What you are asked to do: Down to the last line, reproduce the data that follows, but skip the pictures.

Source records
_____

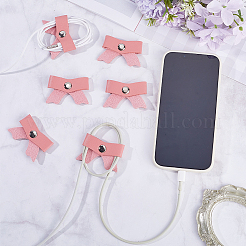 PUレザーとアイアンデザインの漫画ケーブルプロテクター10個  蝶結び  フラミンゴ  5.5x3.2x0.9cm&nbsp;DIY-GF0010-43B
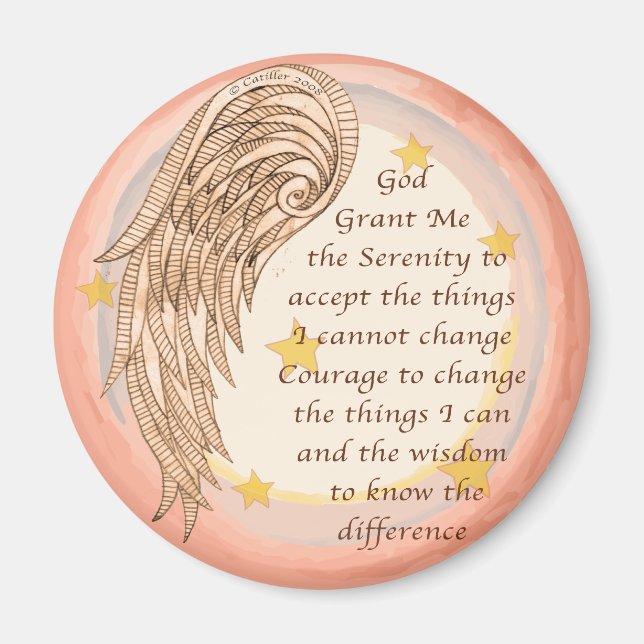 Christian Angel Serenity Prayer Magnet (Front)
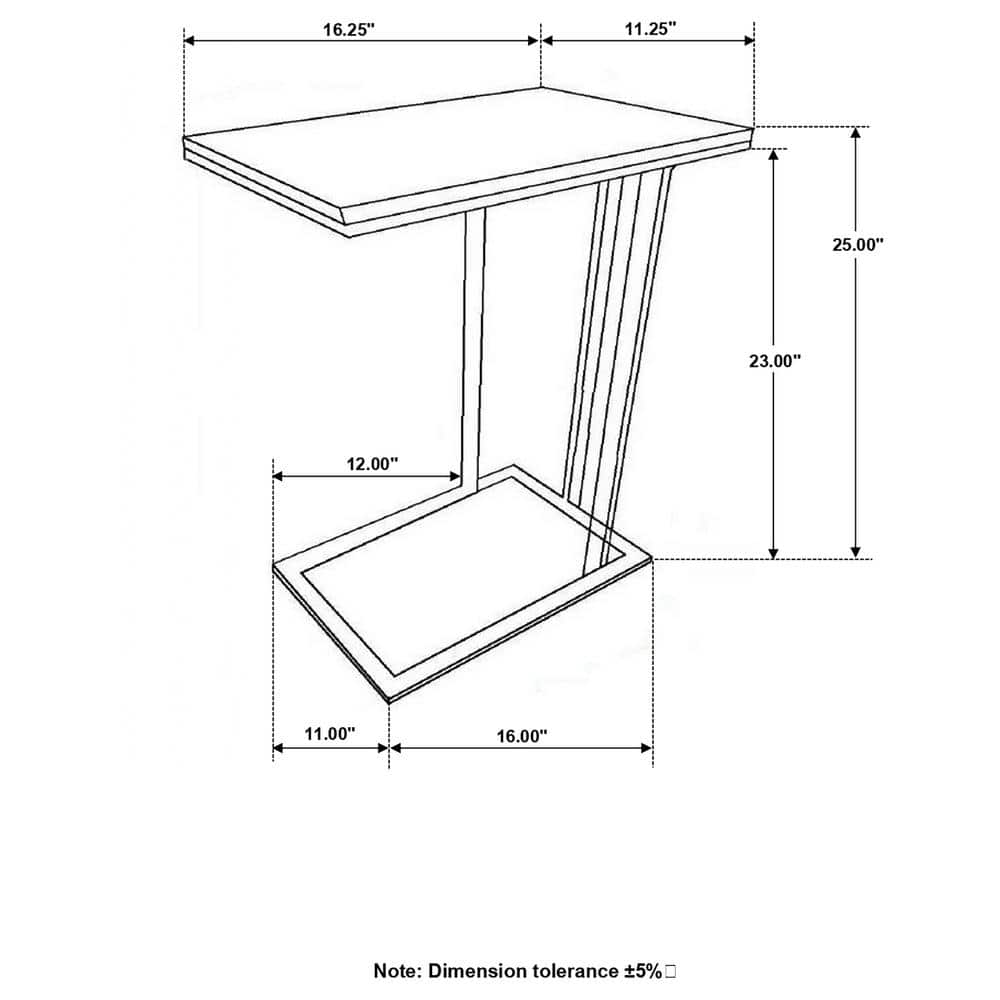Vicente Black and Gray Marble Top Accent Table with Storage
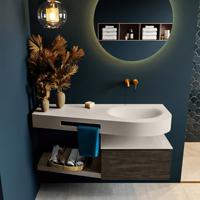 MONDIAZ RIVA 120cm badmeubel onderkast / planchet kleur Dark_Brown met 1 lade. Wastafel DULCET rechts 0 kraangaten kleur Linen. - thumbnail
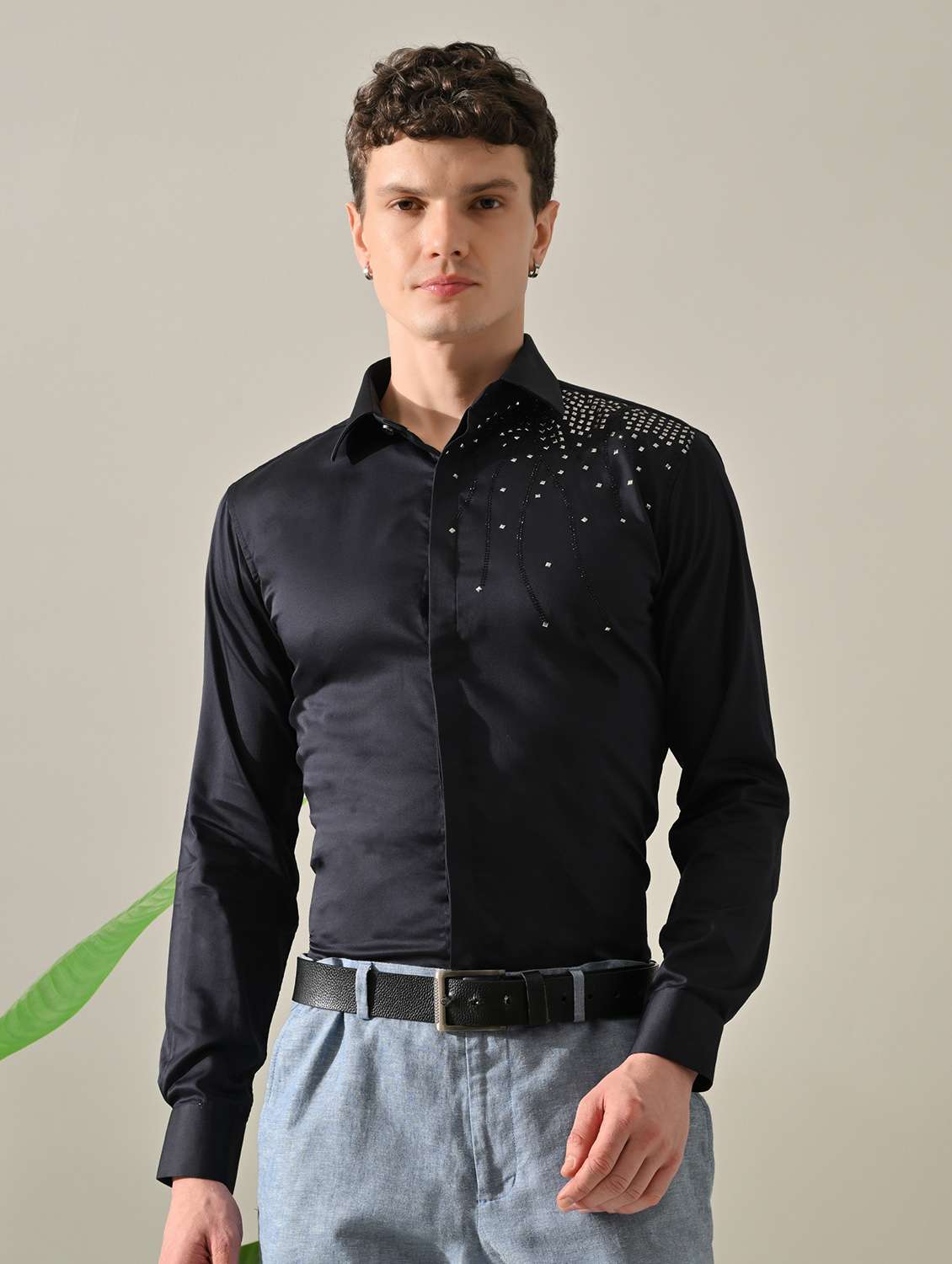 men embellished long sleeve slim fit casual shirt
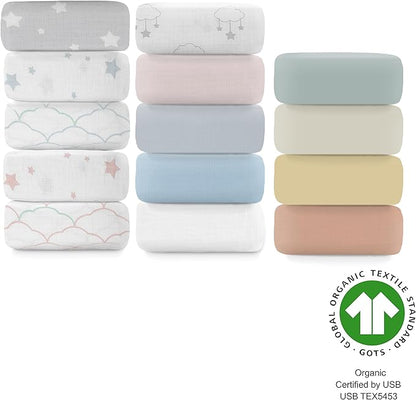 Newton Baby Fitted Mini Crib Sheets (2-Pack) | Organic Muslin Cotton, Breathable & Soft Baby Sheets, Washable Baby Mattress Sheets, Fits Mini Crib Mattresses 24" x 38", Sunrise Pink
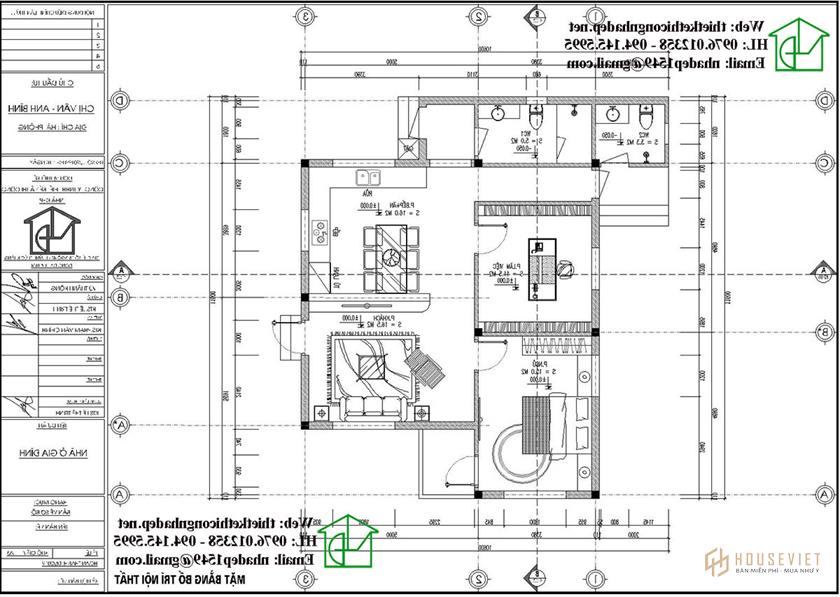 Mặt bằng công năng mẫu nhà cấp 4 mái thái NDNC498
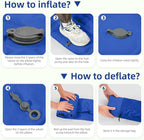 Double Sleeping Pad Camping, Self Inflating 6'' Extra-Thick 2 Person Pillow Built-in Foot Pump Waterproof Inflatable Sleeping Mat Backpacking, Tent, Hiking, Portable Camping Pad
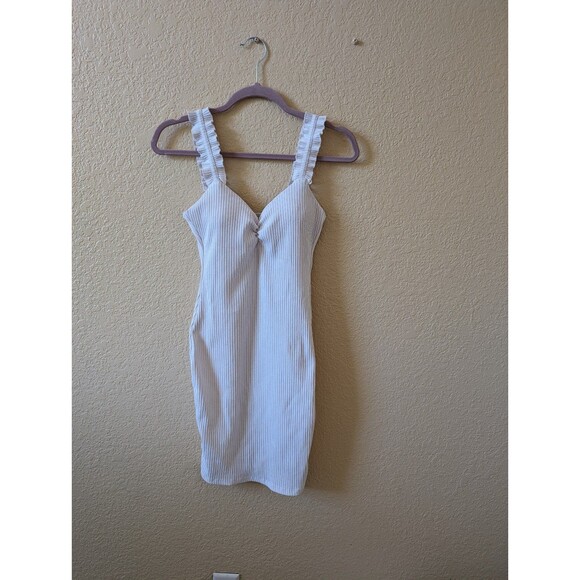 White Ruffle Sleeve Sweetheart Neckline Mini Dress - Picture 1 of 3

_____

Reply:
 PUレザーとアイアンデザインの漫画ケーブルプロテクター10個  蝶結び  フラミンゴ  5.5x3.2x0.9cm&nbsp;DIY-GF0010-43B
 Christian Angel Serenity Prayer Magnet (Front)
Vicente Black and Gray Marble Top Accent Table with Storage
 MONDIAZ RIVA 120cm badmeubel onderkast / planchet kleur Dark_Brown met 1 lade. Wastafel DULCET rechts 0 kraangaten kleur Linen. - thumbnail
 men embellished long sleeve slim fit casual shirt
 Newton Baby Fitted Mini Crib Sheets (2-Pack) | Organic Muslin Cotton, Breathable & Soft Baby Sheets, Washable Baby Mattress Sheets, Fits Mini Crib Mattresses 24" x 38", Sunrise Pink
 Mặt bằng công năng mẫu nhà cấp 4 mái thái NDNC498
 Double Sleeping Pad Camping, Self Inflating 6'' Extra-Thick 2 Person Pillow Built-in Foot Pump Waterproof Inflatable Sleeping Mat Backpacking, Tent, Hiking, Portable Camping Pad
 White Ruffle Sleeve Sweetheart Neckline Mini Dress - Picture 1 of 3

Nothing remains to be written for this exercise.